A number of other speeches followed about the Trade Union bill. One of the speakers was Len McCluskey. He may be a divisive figure but his oratory skills are to be envied! He can definitely rouse a crowd. If he gave a speech to a morgue, I'm pretty certain he would get a standing ovation. He certainly deserved the one he received in the conference! And now was the time of John McDonnell, shadow chancellor.

And he delivered. My God, he delivered! His speech was one of those rare speeches. Not because of his excellence but because it was a straight-talking speech that didn't faff or dither, addressed all key points and delivered a very clear, unambiguous, detailed message of what the Labour economic policy would be. It was a somber, plain speech that seethed of power, vision and determination. It was a direct contrast to the politics of George Osborne. It was one of these moments that attendees would say to their children "I was there when he made that speech"! Labour now has strong foreign policy and economic visions!

After that speech, it was time for fringe events. I identified 4 fringe events I wanted to attend. Who knew that all of them started at the same time? After some careful consideration and failing in my attempts to self-clone, I attended a Huffington Post (thank you for publish my blogs by the way!) conversation with Dan Jarvis . Good talk, ran on time and then it was time to get back to the conference.

The afternoon session was difficult.
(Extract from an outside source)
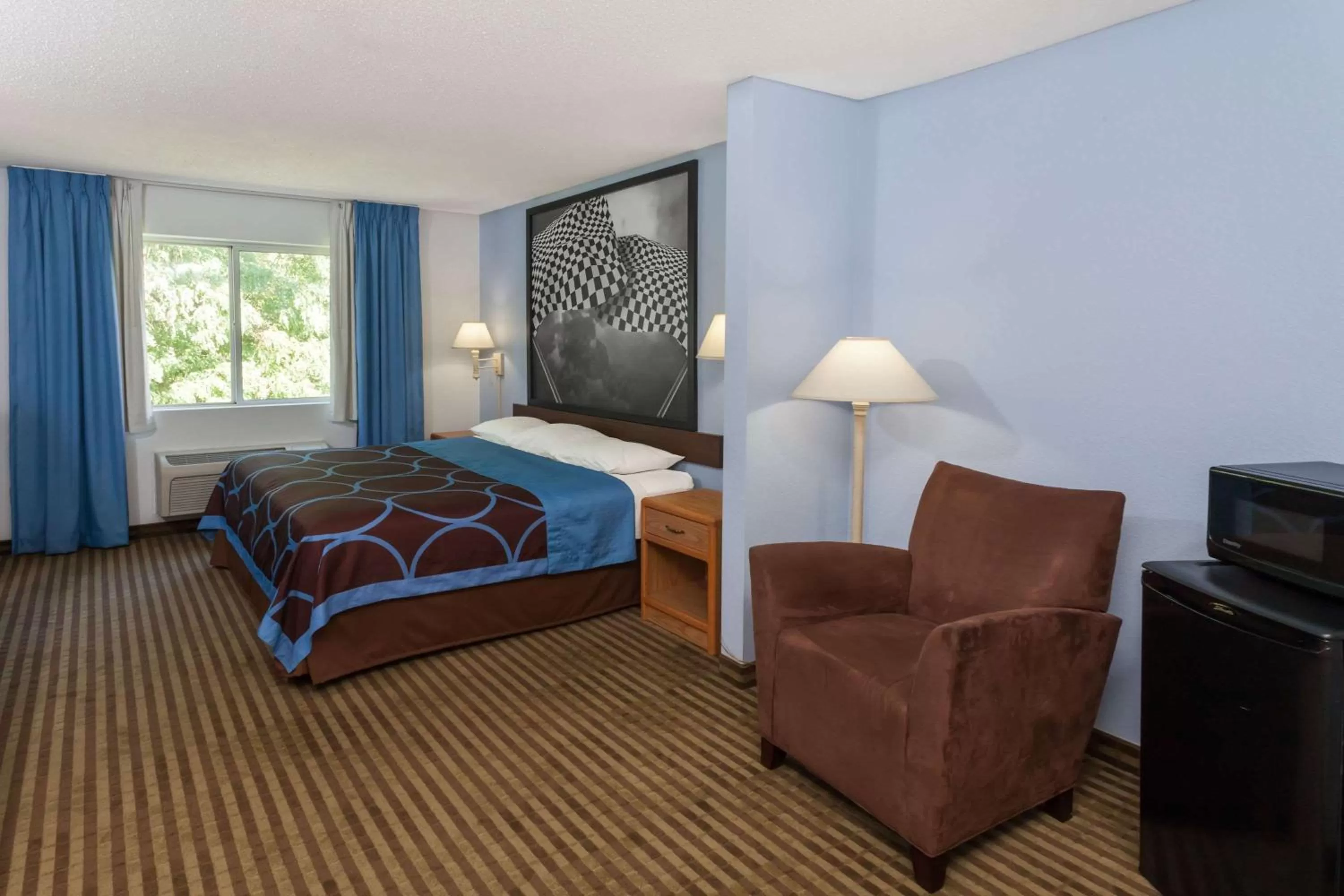 Photo of the whole room, Bed in Super 8 by Wyndham Huntington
After the exhilarating morning speeches, the afternoon felt boring. It may have been the slump following my scoffing at the fringe of chips and sandwiches though. I decided to leave a few minutes before the end of the conference to search for the elusive Leader speech ticket. I finally found out that the invitations don't really mean anything and I simply have to queue for a few hours hoping to get in. Unfortunately, I left my tent and portaloo at home so I have to be strategic with water consumption whilst waiting. I'll feel like a slightly hairy 14-year old waiting to get in to a 1-D conference .

After the conference ended, a string of fringe events started. I met a number of high profile people such as Glenis Willmot (awesome woman), leader of the Labour MEPs, Gianni Pittella, president of the Socialists and Democrats group and Steve Rotheram Liverpool MP (great guy , Steve, if you are reading this I'd love to have a beer with you).
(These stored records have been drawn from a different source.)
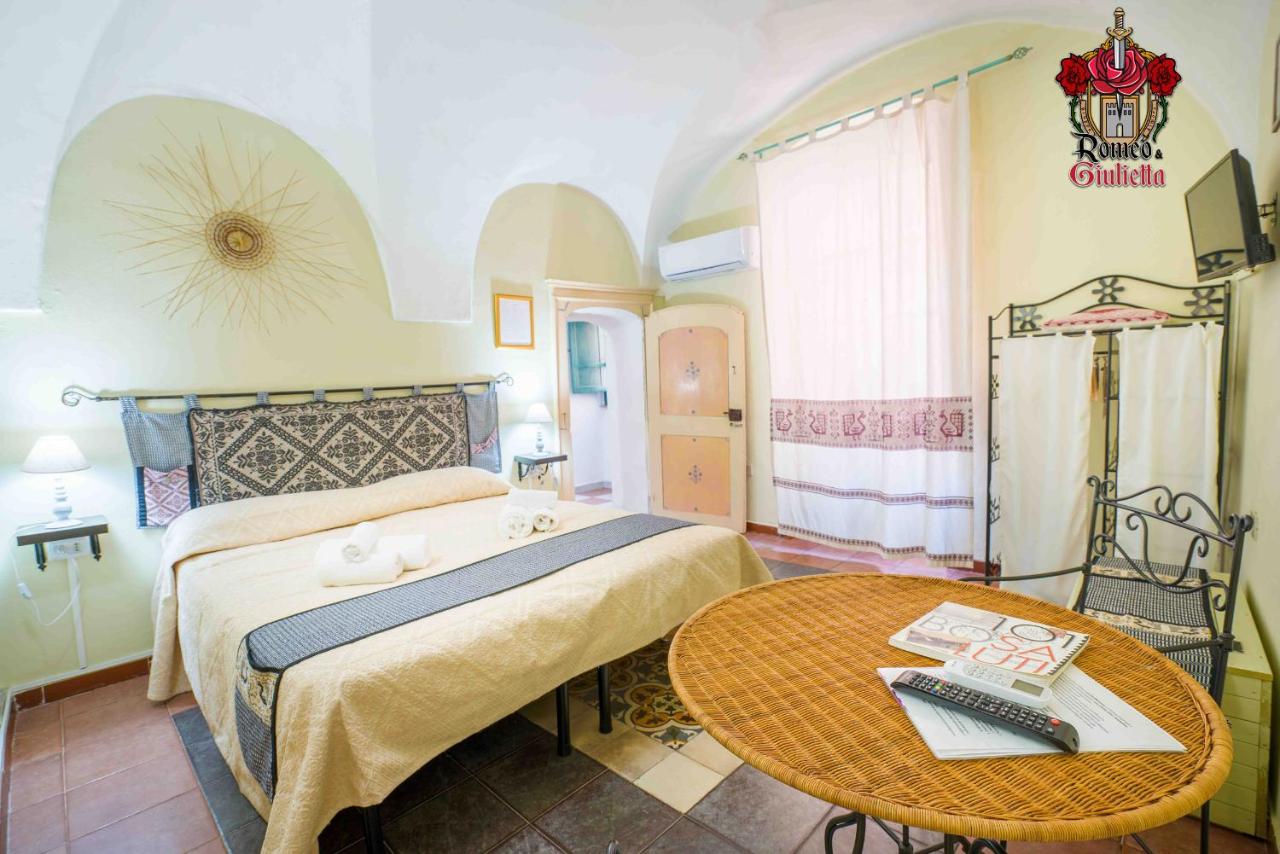 B&B Bosa - Romeo & Giulietta rooms - Bed and Breakfast Bosa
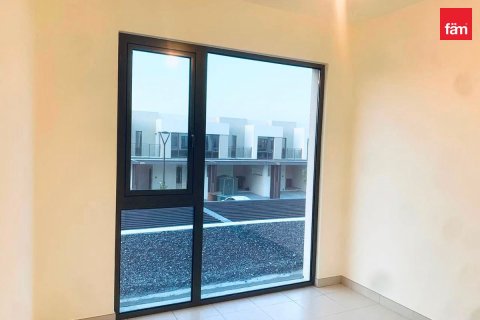 4 bedrooms Villa in Dubai, UAE No. 168103 11
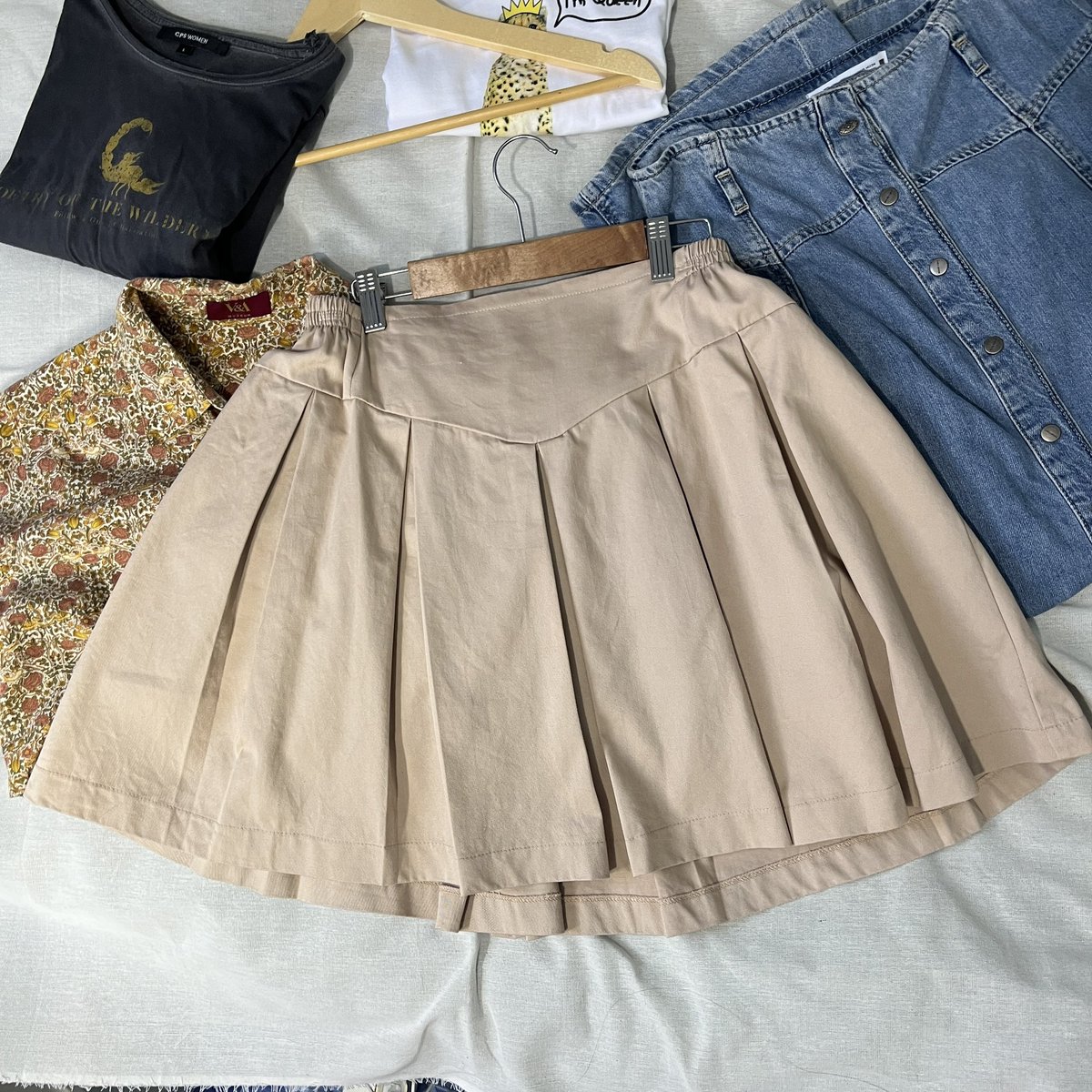 rnx1908's tweet photo. 🌻กระโปรง สีน้ำตาลอ่อนๆ มีซับใน
**ตำหนิไม่มี
เอว ก่อนยืด 26 ยาว 17.5
— 150. ฿

สนใจ CF ทัก DM. มาเลยค่ะ
💥สินค้าเป็นแบบมือสอง อาจจะมีตำหนิเล็กน้อยขอคนที่รับได้ค่ะ

#ส่งต่อเสื้อผ้า #ส่งต่อเสื้อผ้ามือสอง #ส่งต่อ  #เสื้อผ้ามือสอง #โล๊ะตู้ #โล๊ะตู้เสื้อผ้ามือสอง https://t.co/ZIjozWDpjg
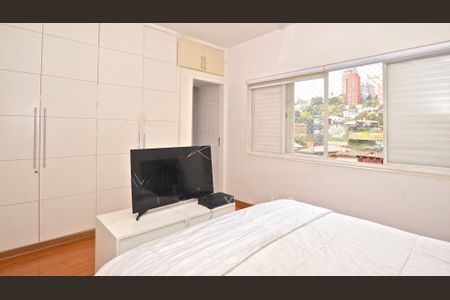 Casa à venda com 159m², 5 quartos e 4 vagas
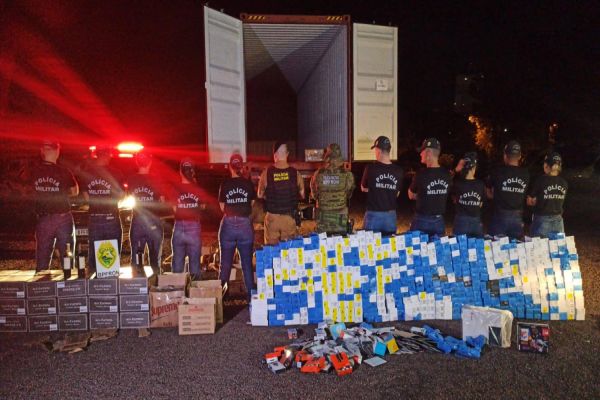 Imagem referente a notícia: PM e PRF apreendem caminhão carregado com 980 celulares e 419 garrafas de bebidas em Cascavel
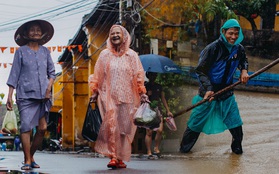 Chùm ảnh: Hội An vẫn đẹp với những nụ cười lạc quan của người dân dù nước lũ đang bao trùm phố cổ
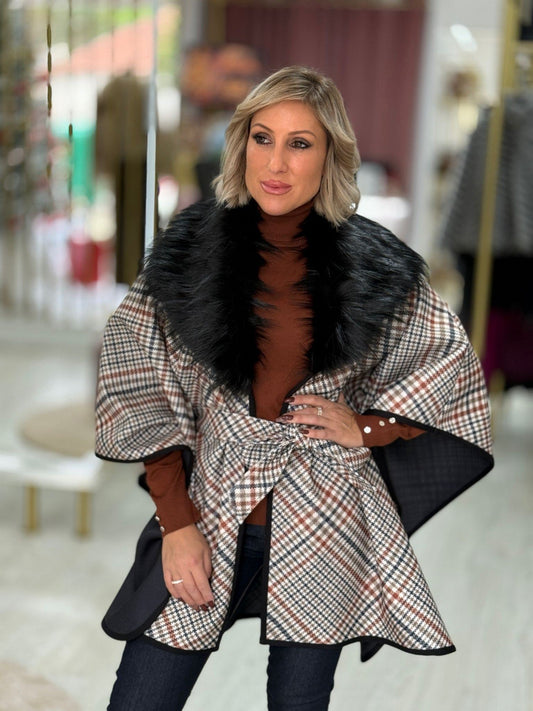 Capa com padrão xadrez e gola de pêlo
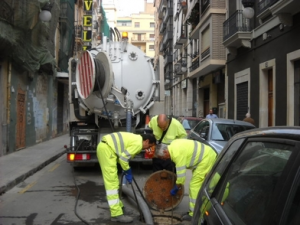 Varios operarios limpiezan un tramo de la red de saneamiento Varios operarios limpiezan un tramo de la red de saneamiento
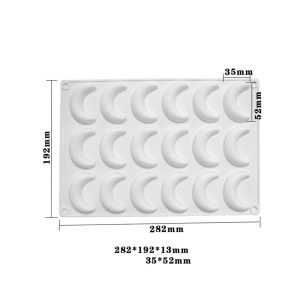 Alternative view of Silicone Mini Smooth Crescent Moon Mould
Unfortunately, considering the high note of the conference, I was disappointed to attend a meeting where Chuka Umunna was speaking. Politics are fluid, opportunities come and go in the blink of an eye and everyone lives and dies by their choices. So did Chuka when he first declined to run for leader and then declined to participate in the shadow cabinet. I was saddened to hear him being bitter because of the choices he made. Labour has turned a new page, thousands have joined, yet some people still do not comprehend what happened. As with Scotland, it is a new politics. If you do not adapt, you will be left behind. Surely any good politician understands this.
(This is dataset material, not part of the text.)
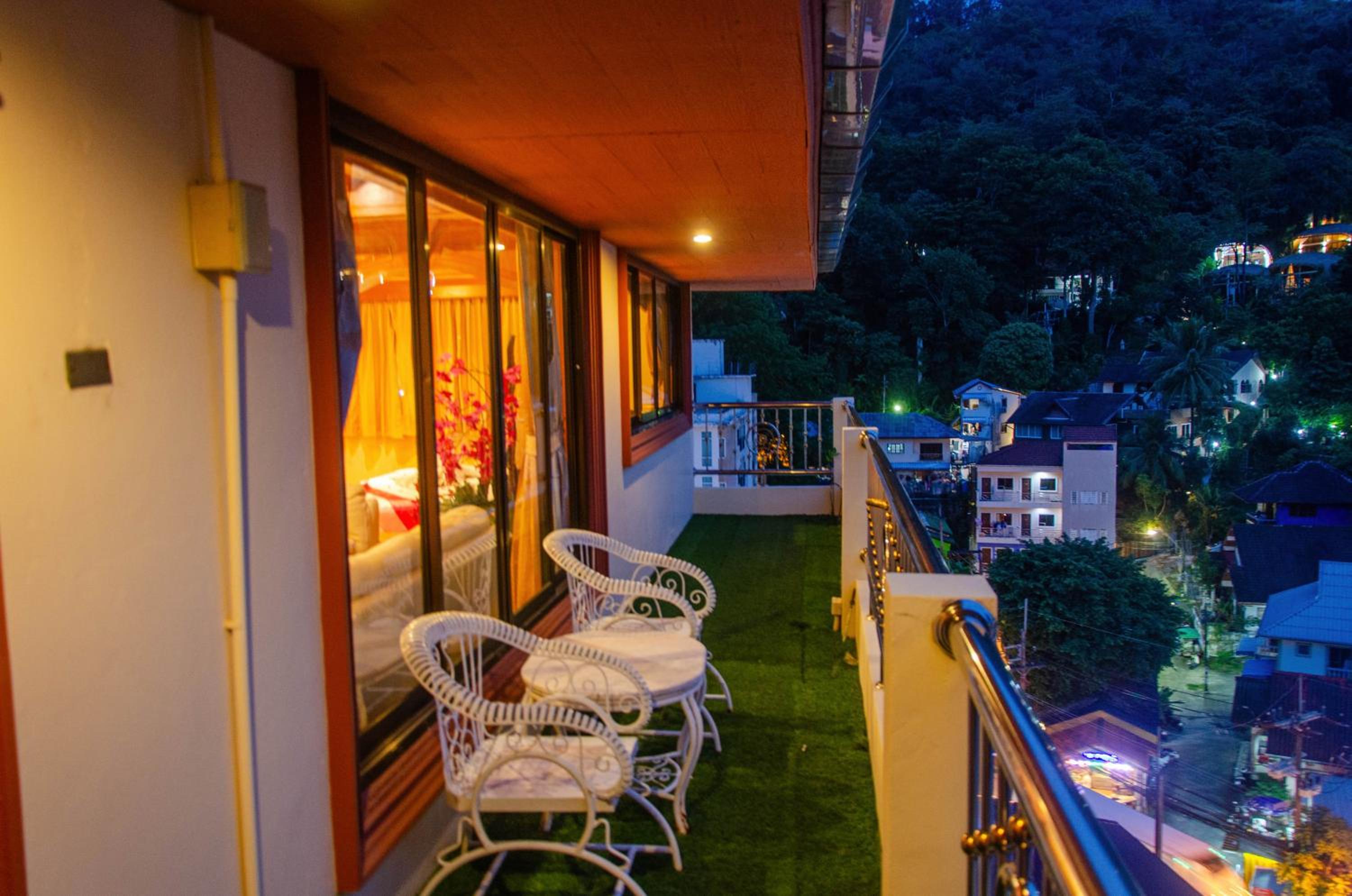 Roof Top Sea View Penthouse with Jacuzzi and Private Bar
My final event was Save the Children. I was so tired that I was looking desperately for a chair to sit down and I was yawning uncontrollably. Needless to say there were no chairs. After speaking to Amy Lamé for a five minutes and listening to speeches by Tristram Hunt, Dan Jarvis and Natasha Kaplinsky, I started my trek back home.

Me, my stiff neck, blistered feet and cornucopia of thoughts journeyed the silent back roads of Hove back to my room. Today was an excellent day. There is a lot to be said for the next, young thing but experience, especially in politics, matters. Hilary Benn and John McDonnell demonstrated that perfectly. Today's conference was an amazing experience that I was proud and humbled to be part of. Now, onwards to day 3 and standing for a few hours to hear Jeremy address the party for the first time in his 32-year career as a Leader of the opposition.